(INFORMATION Opens)

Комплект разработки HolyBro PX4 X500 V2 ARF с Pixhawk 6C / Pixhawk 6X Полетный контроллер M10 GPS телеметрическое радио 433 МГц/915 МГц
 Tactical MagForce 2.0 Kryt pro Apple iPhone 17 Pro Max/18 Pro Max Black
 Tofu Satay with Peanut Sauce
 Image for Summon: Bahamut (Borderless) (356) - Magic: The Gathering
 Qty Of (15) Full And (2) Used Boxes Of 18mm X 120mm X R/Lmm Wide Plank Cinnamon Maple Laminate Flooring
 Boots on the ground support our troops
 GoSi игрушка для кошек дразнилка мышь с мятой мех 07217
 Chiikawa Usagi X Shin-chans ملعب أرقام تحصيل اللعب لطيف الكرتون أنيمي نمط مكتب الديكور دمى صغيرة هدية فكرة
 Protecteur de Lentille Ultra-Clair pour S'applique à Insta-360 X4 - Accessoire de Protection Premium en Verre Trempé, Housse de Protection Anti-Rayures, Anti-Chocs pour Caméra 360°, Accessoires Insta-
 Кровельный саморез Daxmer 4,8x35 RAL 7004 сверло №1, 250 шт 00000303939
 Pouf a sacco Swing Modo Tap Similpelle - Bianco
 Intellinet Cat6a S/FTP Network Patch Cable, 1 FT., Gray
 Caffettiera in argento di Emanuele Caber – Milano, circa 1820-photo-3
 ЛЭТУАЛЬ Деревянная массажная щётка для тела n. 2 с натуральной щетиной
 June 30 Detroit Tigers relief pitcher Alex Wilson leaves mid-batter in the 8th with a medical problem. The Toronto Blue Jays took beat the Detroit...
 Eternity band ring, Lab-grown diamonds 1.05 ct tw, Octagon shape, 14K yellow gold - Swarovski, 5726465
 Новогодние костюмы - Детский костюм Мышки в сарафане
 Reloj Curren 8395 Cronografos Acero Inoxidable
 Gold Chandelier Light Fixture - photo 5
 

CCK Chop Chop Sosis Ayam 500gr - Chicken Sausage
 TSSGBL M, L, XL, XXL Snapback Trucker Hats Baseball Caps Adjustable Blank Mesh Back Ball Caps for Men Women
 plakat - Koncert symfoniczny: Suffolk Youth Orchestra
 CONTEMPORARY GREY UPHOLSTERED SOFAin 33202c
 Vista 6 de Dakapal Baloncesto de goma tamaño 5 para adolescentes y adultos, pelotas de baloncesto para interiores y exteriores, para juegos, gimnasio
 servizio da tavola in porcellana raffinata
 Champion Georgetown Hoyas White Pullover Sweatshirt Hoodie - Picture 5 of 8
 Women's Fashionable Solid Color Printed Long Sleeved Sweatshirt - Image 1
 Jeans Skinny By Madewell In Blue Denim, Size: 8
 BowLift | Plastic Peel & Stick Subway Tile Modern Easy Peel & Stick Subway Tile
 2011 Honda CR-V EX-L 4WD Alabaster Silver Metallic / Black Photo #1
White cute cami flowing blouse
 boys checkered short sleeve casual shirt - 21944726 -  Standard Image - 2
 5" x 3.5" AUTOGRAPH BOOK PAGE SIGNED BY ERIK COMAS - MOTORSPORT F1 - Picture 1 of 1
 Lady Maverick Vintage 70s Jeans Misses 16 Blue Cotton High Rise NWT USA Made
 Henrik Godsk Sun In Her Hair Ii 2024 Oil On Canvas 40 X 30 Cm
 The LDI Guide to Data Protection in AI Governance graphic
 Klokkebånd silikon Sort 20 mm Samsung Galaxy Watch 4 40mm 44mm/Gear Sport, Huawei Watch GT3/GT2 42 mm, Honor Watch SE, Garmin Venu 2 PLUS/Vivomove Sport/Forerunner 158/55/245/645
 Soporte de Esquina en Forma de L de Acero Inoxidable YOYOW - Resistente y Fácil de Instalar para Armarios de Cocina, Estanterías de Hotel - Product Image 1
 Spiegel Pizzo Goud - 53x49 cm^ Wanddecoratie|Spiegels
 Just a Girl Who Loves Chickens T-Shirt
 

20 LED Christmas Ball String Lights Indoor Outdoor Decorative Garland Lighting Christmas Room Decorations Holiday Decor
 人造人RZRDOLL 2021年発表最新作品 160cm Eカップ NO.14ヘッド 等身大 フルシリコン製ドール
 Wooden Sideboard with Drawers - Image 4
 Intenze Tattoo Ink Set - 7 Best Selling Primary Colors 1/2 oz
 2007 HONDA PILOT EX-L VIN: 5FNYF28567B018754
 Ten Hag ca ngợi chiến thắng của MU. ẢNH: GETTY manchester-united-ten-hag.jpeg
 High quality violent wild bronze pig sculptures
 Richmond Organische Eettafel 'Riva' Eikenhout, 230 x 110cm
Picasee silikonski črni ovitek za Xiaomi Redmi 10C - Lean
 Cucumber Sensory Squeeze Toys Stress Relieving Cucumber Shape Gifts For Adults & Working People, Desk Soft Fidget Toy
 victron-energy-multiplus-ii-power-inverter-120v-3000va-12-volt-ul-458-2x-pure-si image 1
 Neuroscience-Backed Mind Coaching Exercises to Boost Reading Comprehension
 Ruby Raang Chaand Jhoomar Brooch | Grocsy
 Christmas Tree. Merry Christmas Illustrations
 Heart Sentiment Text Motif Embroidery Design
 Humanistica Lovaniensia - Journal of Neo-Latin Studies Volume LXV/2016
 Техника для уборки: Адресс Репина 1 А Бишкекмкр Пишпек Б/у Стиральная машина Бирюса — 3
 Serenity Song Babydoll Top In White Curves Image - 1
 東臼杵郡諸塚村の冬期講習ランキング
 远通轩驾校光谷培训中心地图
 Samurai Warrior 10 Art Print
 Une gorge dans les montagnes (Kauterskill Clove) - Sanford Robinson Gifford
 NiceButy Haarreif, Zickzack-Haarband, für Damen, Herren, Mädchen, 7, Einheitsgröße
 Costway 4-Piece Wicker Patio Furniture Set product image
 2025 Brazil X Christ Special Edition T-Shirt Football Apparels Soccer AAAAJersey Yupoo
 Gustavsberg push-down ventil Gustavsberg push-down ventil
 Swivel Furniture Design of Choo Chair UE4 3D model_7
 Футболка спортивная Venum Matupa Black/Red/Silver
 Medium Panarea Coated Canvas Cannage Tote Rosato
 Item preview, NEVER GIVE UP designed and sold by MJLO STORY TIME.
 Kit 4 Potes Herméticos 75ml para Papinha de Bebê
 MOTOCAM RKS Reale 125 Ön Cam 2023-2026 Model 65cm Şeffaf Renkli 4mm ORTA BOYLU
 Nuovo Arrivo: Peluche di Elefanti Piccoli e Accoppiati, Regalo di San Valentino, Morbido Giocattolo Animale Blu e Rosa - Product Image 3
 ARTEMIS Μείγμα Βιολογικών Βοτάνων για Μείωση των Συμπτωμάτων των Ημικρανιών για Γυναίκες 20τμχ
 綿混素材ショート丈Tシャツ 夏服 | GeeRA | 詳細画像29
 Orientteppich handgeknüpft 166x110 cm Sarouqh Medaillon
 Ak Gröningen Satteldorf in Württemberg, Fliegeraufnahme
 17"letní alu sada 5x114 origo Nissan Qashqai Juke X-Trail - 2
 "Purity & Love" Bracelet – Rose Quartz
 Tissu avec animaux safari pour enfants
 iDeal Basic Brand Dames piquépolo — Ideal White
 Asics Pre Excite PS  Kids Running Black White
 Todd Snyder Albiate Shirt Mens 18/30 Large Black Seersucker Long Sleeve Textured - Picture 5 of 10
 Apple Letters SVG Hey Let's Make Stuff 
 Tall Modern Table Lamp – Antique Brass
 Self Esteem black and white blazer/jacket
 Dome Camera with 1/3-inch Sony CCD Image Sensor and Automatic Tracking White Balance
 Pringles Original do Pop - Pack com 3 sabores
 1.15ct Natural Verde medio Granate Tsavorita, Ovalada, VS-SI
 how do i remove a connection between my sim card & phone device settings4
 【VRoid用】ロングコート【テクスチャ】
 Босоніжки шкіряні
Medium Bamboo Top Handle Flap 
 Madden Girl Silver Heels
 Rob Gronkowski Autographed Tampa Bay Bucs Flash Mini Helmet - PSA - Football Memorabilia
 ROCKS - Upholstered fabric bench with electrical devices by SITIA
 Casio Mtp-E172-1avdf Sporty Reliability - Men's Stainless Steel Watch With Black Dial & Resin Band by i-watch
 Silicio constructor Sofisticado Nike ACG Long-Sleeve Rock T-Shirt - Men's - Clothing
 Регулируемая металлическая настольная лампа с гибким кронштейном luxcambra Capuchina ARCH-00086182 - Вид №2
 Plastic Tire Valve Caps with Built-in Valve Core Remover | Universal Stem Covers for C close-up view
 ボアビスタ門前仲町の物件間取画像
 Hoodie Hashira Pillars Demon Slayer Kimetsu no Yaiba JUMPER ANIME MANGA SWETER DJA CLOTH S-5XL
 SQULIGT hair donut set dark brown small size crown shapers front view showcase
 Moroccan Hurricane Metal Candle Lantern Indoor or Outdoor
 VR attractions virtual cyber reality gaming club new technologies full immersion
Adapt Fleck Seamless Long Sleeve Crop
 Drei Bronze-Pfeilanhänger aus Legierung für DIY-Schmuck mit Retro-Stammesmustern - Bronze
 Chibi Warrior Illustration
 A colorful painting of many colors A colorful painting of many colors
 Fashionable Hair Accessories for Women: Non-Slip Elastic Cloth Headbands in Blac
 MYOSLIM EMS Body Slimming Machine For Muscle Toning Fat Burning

(INFORMATION Closes)

YOUR GOAL
Give back, exactly as written, the stretch from the line with "Silicio constructor Sofisticado" through the line with "Drei Bronze-Pfeilanhänger aus", and no other lines from the records above.

SOLUTION TO THIS PROBLEM
 Silicio constructor Sofisticado Nike ACG Long-Sleeve Rock T-Shirt - Men's - Clothing
 Регулируемая металлическая настольная лампа с гибким кронштейном luxcambra Capuchina ARCH-00086182 - Вид №2
 Plastic Tire Valve Caps with Built-in Valve Core Remover | Universal Stem Covers for C close-up view
 ボアビスタ門前仲町の物件間取画像
 Hoodie Hashira Pillars Demon Slayer Kimetsu no Yaiba JUMPER ANIME MANGA SWETER DJA CLOTH S-5XL
 SQULIGT hair donut set dark brown small size crown shapers front view showcase
 Moroccan Hurricane Metal Candle Lantern Indoor or Outdoor
 VR attractions virtual cyber reality gaming club new technologies full immersion
Adapt Fleck Seamless Long Sleeve Crop
 Drei Bronze-Pfeilanhänger aus Legierung für DIY-Schmuck mit Retro-Stammesmustern - Bronze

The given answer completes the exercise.